Like any CEO hired from outside to turn around a company in distress, and like any parent expecting the first child, Mayer may not know what she is getting into. Neither, however, does anyone who claims to know.
Are you bored yet?
I hope you are. In an ideal world, every sensible reader by now should be screaming, “What’s new?” and not just because you have read it before. Nothing above is “news", by any stretch of the imagination. It is the norm. Whether you find it admirable, uninteresting or depressing, that is the profile and history of most CEOs in this day and age - but for one dramatic twist.
She is a pregnant woman. That, even in 2012, is what makes it a compelling story.
The exceptionalism surrounding this event - the amount and tone of commentary, the curiosity and sensitivity to it, the seething mix of admiration, concern and envy, the that’s-a-ma-zing, leave-her-alone and what’s-the-big-deal - is the kind commonly reserved for, dare I say, a birth. Specifically, the birth of a world in which a woman, even while she happens to be pregnant, may land the top job at a Fortune 500 if she so wishes.
Gianpiero Petriglieri, MD (@gpetriglieri ) is Associate Professor of Organizational Behavior at INSEAD, the Business School with campuses in France, Singapore and Abu Dhabi. He is an expert on the psychology underpinning the exercise and development of leadership, and the director of the Management Acceleration Programme, INSEAD’s flagship executive program for emerging leaders.

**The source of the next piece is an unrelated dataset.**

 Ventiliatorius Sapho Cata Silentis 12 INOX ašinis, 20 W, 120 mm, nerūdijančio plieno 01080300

Don’t get me wrong. I find it inspiring and liberating - as a professional, as a man, as a professional’s husband, as the father of a girl and a boy - to wake up in such a world. It’s the kind of world that I hope I’m helping to build.
A problematic reception
To really do so, however, we must also face that the exceptionalism surrounding Mayer’s appointment also reveals another, more problematic norm. A subtler but no less pernicious form of discrimination that does without closed doors and put-downs - one that pegs individuals to a minority identity and invites them to enact or justify that identity’s stereotypes. Whether they like it or not, regardless of other identities they also hold. It does not seem to matter as much that Mayer is white, intelligent and Ivy league-educated, that she is wealthy and appears fit - that she is a card-carrying member of an elite - if she is a woman, mon Dieu! - and a mother.

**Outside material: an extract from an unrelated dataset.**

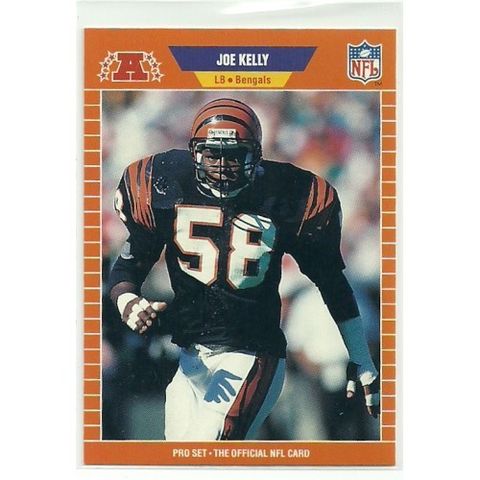 Joe Kelly Former Bengals Linebacker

This is why, en route to winning at the game of meritocracy, many Marissa Mayers out there have learned, more or less deliberately, more or less painfully, to make such deflecting statements as “I’m not a girl at Google. I am a geek at Google.” The kind of statement that may well help affiliate with other (i.e. male) geeks, free one up to focus on the job, succeed and get ahead - while at the same time confirming a nagging suspicion. That even in times and places where we’re admonished to pour our true selves into work, being a “geek", or a CEO, has to be kept separate from being a “girl". A disclaimer that is rarely expected of us “boys” old and young.
The lessons we must draw from this exceptional event, which reveals less about Mayer and Yahoo! than it does about our norms, is the following: Leaders, especially such visible ones, have to accept constant and ruthless scrutiny that won’t stop at their results. Followers, opponents and observers will always question their motives and lives. And they will account for the leader’s story in ways that reveal and serve their interest. Good leaders know it and work with it.

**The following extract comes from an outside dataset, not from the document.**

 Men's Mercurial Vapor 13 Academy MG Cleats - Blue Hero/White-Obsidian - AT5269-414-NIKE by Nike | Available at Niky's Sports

At the same time, we must take this opportunity to scrutinise, for once, not just the leader but also ourselves. To cast a light on the ways in which the stories we tell about our leaders - the patterns of thinking and feeling, actions and talk, which we take for granted - affect the efforts and opportunities to lead of those who appear different from us, and may not be as different as we make them to be.